I want to use tokens_compound to examine the frequency of phrases in the documents of a corpus. I used the corpus data_corpus_inaugural for illustrative purposes and selected some ngrams to search for. I want to be able to save the output into a csv file. The code below, produces an output file, but no phrase is identified.
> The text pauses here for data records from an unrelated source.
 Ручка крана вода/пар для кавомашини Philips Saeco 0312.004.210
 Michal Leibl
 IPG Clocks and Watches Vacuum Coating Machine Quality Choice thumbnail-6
Advice regarding how to correctly identify the frequency of phrases via a dictionary are appreciated.
\
library("quanteda")
## Package version: 2.1.2
data(data_corpus_inaugural)
toks <- data_corpus_inaugural %>%
tokens(remove_punct = TRUE,
remove_symbol = TRUE,
padding = TRUE) %>%
tokens_tolower()
tokens <- dfm(toks)
multiword <- c("the house of representatives", "the senate", "foreign legislative","fellow citiznes", "men of reflection", "total independence", "unlimited sumission","no middle course",
"apprehension of danger", "formidable power")
comp_toks <- tokens_compound(toks, pattern = phrase(multiword))
dictx <- dictionary(list(govt = c("the_house_of_representatives", "the_senate", "foreign_legislative"),
people = c("fellow_citizens", "men_of_reflection"),
action =c("total_independence", "unlimited_sumission"),
course ="no_middle_course",
energy = c("apprehension_of_danger", "formidable_power")))
test <- dfm_lookup(tokens, dictionary = dictx)
test2 <- convert(test , to = "data.frame")
write.csv (test2, "D:/Test.csv")
\